Everything else is pretty good, MySQL has compressed tables, but in PostgreSQL the same amount of data already takes less space by default.

Pghero/pg_stat_statements are also very handy.

But "hate"? No, no hate here :)

2 comments

You may be interested in this technique, or some of the others in the article: https://www.citusdata.com/blog/2016/10/12/count-performance/...

EDIT: I'm also curious what version of Postgres you've experienced this on? Sounds like there may have been improvements to COUNT (DISTINCT in v11+

If you're not making a lot of writes, that may be good approach since AFAIK the counts will only be updated after the table is ANALYZE'd
just so you're aware, COUNT() on mysql can lie.

Basically it's fetching metadata on the table, which can in some cases not be updated (yet), where as in pg it actually counts entries in the index.

Does it really count entries in the index? For example, in Firebird, it has to fetch rows because of row versioning (which happens in data pages, not in indices), and since PostgreSQL does versioning, too, I would have assumed that it's subject to the same limitation if it wants to return a correct answer for the current transaction.
Index Only Scans are a thing in PostgreSQL, however, they may still need to visit the heap if the visibility map bit for the heap page indicates that the not all tuples on the heap page are visible to all transactions. When a high percentage of pages are marked as "allvisible" then Index Only Scans can give a good boost to performance.
So this "visibility map" is a little bit like Netfrastructure/Falcon in-memory versioning, then? I see.
The visibility map is just 1 bit per page. Vacuum sets these bits to "1" when it sees that all tuples on the page are visible to all transactions. i.e. all tuple xmins are <= the oldest running transaction and none of the tuples have not been marked as deleted by any transaction yet. The visibility map bit will be unset when a new tuple is added to the page or an existing one is "deleted" or more accurately, has the xmax set with the deleting transaction's ID.

The visibility map is stored on-disk as a different fork of the filenode for the table. Two bits are actually stored per page, 1 for visibility and another to mark if the page only contains only frozen tuples. The frozen bit helps reduce the cost of vacuuming the table for transaction wraparound, which is also mentioned in the blog post.

The query planner does not count these bits to determine if it should perform an Index Only Scan vs an Index Scan. An approximate value is stored in pg_class.relallvisible.
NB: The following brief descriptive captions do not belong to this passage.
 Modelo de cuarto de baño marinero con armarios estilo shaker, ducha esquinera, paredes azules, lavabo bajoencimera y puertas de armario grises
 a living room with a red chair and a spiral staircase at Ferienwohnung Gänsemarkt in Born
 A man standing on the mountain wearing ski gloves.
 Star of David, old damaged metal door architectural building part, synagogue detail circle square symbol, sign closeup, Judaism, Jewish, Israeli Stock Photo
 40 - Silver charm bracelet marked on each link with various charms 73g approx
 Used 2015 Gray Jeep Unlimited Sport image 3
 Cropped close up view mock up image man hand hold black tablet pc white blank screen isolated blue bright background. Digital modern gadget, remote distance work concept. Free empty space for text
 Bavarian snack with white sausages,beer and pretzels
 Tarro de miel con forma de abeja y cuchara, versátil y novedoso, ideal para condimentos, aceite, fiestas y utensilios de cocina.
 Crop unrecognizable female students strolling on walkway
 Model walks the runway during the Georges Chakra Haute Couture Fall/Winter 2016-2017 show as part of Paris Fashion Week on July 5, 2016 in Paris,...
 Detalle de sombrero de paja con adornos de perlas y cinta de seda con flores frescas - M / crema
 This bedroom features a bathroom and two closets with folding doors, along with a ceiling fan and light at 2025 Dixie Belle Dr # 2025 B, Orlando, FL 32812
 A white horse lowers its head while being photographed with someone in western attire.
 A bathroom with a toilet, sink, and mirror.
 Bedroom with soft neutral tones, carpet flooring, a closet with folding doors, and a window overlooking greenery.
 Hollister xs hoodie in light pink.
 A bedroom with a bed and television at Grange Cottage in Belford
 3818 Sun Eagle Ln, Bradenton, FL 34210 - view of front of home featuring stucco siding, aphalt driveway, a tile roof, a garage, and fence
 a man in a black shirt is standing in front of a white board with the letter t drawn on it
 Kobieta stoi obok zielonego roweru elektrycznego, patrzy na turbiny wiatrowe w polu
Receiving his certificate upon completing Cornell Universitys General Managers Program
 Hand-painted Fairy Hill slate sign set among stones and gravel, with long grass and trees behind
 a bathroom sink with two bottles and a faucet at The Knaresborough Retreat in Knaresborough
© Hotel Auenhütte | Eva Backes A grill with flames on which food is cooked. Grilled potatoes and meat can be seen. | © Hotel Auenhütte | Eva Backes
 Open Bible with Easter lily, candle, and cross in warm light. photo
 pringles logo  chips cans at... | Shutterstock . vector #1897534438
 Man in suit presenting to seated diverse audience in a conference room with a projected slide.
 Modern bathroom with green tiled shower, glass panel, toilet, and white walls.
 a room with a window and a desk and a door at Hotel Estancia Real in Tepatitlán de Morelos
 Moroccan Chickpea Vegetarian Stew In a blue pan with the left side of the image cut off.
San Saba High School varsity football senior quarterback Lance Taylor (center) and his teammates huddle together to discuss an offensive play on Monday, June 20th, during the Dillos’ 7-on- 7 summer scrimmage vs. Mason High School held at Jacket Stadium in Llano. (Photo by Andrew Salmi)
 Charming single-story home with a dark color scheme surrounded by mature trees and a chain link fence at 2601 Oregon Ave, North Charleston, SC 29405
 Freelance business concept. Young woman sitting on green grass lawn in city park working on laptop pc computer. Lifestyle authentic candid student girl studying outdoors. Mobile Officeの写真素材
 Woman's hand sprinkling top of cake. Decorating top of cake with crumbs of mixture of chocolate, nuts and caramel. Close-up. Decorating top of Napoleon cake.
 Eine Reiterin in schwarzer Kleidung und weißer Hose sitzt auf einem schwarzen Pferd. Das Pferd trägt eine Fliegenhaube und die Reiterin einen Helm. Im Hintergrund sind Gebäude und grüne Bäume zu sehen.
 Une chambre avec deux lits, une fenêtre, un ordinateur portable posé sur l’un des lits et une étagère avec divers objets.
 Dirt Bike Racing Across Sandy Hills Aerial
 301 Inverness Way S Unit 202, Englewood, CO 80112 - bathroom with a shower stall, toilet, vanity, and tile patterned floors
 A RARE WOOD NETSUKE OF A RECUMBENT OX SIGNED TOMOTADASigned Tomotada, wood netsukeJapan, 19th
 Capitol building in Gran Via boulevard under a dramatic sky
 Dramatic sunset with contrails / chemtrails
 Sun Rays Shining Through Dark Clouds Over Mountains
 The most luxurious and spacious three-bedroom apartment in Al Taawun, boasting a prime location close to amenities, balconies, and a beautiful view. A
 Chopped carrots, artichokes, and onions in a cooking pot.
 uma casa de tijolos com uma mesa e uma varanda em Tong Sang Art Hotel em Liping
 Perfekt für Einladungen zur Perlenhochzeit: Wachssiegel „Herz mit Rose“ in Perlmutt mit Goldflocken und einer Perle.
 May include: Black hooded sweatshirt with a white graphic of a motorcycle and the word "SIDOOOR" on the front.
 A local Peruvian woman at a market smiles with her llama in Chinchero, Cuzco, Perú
Ha, snap. Makes sense that it looks at the dirtiness of the visibility_map while planning.
I believe it can speed it up by using index only scans along with the visibility_map which effectively tells it which entries are “current” in more broad strokes.
Doesn't this happens only when using sql_calc_found_rows?
That's only for MyISAM which sees very little use today. The InnoDB engine on MySQL does a full row count and is also relatively slow.